The Rivalry Between Abdi-Ashirta And Rib-Hadda

The Ambitious Ruler Of Amurru Moves Against His Neighbors

As Warfare Spreads Throughout Late Bronze Age Syria The Egyptian Pharaoh Received Different Accounts From His Vassal Kings.

During the middle of the fourteenth century B.C.E. the lands of Canaan and Syria were the front line of conflict in a war between the Kingdoms of Egypt, Hatti (Land of the Hittites) and Mittani. As the Great Kingdoms vied for control over the regions key trade routes ambitious local rulers such as the Amorite chieftain Abdi-Ashirta used the chaos to carve out there own kingdoms. After several years of consolidating his hold over the land of Amurru on the Syrian coast Abdi-Ashirta was ready to challenge the authority of the Egyptian Pharaoh by seizing control of the Syrian port of Sumur, which was the seat of the Egyptian Commissioner in the region.

The Amarna Letters

Given the conflicting accounts in the ancient correspondence known as the Amarna Letters, how Abdi-Ashirta entered the city of Sumur, not far to the north of Gubla/Byblos, with little or no resistance can only be guessed. What is certain is that Rib-Hadda, the ruler of nearby Gubla began a scathing account of Abdi-Ashirta activities, protesting to Egypt that Abdi-Ashirta had not only broken his treaties and entered the city of Sumur with his troops, but that Egyptians were now fleeing that city and were seeking refuge in Gubla.
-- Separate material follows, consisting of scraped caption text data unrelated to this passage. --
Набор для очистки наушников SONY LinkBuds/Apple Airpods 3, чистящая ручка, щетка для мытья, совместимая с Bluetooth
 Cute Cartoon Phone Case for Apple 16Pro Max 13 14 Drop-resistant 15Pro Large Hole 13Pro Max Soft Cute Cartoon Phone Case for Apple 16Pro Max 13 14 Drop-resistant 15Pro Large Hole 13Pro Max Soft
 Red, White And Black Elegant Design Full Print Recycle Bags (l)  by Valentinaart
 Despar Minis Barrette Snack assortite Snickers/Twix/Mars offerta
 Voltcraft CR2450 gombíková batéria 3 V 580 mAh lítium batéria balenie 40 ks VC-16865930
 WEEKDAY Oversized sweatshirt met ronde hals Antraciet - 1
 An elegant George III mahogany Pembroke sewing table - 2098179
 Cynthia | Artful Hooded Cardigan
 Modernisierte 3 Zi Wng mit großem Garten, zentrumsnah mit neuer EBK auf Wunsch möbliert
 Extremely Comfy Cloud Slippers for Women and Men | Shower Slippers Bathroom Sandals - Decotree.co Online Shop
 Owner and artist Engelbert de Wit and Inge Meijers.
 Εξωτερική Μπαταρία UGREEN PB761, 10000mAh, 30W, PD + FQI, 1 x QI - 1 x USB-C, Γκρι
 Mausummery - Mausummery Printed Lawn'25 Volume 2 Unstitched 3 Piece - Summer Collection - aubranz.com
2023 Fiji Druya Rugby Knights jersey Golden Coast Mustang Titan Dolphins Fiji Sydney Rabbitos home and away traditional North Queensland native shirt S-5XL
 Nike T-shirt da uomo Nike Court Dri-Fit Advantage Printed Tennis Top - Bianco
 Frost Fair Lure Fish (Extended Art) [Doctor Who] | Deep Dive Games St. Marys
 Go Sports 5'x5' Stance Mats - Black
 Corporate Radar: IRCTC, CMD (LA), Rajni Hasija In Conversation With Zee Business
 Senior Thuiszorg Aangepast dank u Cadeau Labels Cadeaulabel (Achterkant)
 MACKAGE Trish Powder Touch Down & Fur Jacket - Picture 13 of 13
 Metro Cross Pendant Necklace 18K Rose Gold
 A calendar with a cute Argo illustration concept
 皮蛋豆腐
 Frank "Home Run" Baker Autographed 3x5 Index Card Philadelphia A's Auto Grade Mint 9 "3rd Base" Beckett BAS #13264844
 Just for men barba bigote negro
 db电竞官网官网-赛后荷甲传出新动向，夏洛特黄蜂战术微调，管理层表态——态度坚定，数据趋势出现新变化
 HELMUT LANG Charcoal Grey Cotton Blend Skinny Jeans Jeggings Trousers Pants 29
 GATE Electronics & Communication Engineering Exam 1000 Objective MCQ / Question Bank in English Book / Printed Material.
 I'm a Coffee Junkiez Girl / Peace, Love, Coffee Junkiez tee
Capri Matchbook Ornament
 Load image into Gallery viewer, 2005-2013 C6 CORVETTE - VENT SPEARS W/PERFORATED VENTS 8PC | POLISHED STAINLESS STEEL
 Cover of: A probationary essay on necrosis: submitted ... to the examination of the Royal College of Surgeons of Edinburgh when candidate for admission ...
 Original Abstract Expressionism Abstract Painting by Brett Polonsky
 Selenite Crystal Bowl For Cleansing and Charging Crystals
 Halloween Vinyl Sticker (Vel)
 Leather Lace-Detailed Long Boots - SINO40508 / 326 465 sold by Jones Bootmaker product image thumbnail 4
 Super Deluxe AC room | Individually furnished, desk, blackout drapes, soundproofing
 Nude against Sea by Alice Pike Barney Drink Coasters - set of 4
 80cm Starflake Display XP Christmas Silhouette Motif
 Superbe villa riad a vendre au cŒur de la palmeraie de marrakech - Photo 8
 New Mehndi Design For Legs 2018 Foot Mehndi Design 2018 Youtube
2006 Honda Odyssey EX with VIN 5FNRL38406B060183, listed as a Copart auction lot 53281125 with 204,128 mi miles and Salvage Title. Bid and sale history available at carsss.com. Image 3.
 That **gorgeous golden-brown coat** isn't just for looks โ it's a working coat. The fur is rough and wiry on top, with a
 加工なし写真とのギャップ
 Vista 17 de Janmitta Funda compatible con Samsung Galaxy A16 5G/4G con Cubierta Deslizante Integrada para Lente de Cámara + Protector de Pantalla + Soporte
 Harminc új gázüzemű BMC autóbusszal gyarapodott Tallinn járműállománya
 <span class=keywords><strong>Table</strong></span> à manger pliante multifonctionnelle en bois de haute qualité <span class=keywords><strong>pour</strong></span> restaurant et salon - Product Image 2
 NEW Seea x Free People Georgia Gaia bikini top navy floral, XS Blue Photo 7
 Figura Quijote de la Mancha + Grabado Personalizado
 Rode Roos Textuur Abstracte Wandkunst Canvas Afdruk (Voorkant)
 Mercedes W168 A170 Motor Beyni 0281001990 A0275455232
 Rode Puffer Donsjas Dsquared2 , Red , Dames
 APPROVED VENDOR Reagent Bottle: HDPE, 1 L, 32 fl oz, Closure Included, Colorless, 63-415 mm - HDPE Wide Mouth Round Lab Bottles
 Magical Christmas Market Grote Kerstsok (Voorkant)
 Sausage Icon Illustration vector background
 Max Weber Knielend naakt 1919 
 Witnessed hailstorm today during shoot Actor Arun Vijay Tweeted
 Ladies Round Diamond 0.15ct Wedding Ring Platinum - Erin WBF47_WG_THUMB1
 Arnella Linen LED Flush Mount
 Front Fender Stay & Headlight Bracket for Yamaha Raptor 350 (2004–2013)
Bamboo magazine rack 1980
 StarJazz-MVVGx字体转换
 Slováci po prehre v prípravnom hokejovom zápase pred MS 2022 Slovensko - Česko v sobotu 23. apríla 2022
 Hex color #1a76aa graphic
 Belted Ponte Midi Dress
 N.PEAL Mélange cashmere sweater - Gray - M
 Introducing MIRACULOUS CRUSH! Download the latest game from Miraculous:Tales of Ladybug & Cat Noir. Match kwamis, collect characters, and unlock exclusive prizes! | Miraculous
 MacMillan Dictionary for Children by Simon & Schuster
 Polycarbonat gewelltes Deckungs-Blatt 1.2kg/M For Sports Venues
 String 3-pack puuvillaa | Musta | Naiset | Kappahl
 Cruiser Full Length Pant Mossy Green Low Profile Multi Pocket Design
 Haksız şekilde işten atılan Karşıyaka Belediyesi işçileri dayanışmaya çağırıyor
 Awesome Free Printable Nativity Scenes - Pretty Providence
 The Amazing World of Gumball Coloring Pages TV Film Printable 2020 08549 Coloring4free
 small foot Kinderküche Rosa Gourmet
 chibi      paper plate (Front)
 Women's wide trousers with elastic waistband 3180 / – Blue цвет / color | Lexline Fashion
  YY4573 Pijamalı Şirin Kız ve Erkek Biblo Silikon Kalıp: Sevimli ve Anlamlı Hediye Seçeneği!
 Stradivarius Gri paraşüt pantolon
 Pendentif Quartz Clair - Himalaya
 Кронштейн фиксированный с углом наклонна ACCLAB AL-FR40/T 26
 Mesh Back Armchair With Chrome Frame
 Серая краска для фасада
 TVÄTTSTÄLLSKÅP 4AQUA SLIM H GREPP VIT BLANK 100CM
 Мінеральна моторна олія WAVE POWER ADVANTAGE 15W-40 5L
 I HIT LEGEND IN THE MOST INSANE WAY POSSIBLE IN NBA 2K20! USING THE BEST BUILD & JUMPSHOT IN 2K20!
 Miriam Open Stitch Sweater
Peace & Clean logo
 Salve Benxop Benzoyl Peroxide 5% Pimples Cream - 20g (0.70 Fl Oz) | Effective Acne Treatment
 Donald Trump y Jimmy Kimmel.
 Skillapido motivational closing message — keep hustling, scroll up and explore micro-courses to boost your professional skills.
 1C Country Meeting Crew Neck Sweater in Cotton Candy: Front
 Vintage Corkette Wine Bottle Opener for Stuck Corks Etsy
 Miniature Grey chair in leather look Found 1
Rib-Hadda ask the Egyptian vizier, Haya, the classic rhetorical question; “just who does Abdi-Ashirta think he is?” Rib-Hadda also accused the Egyptian vizier of negligence, asking him why he did not convince the Pharaoh to send archers. The exchange of letters is largely one-sided, with a steady stream of pleas for help coming from the king of Gubla, coupled with protests about lack of support thus far.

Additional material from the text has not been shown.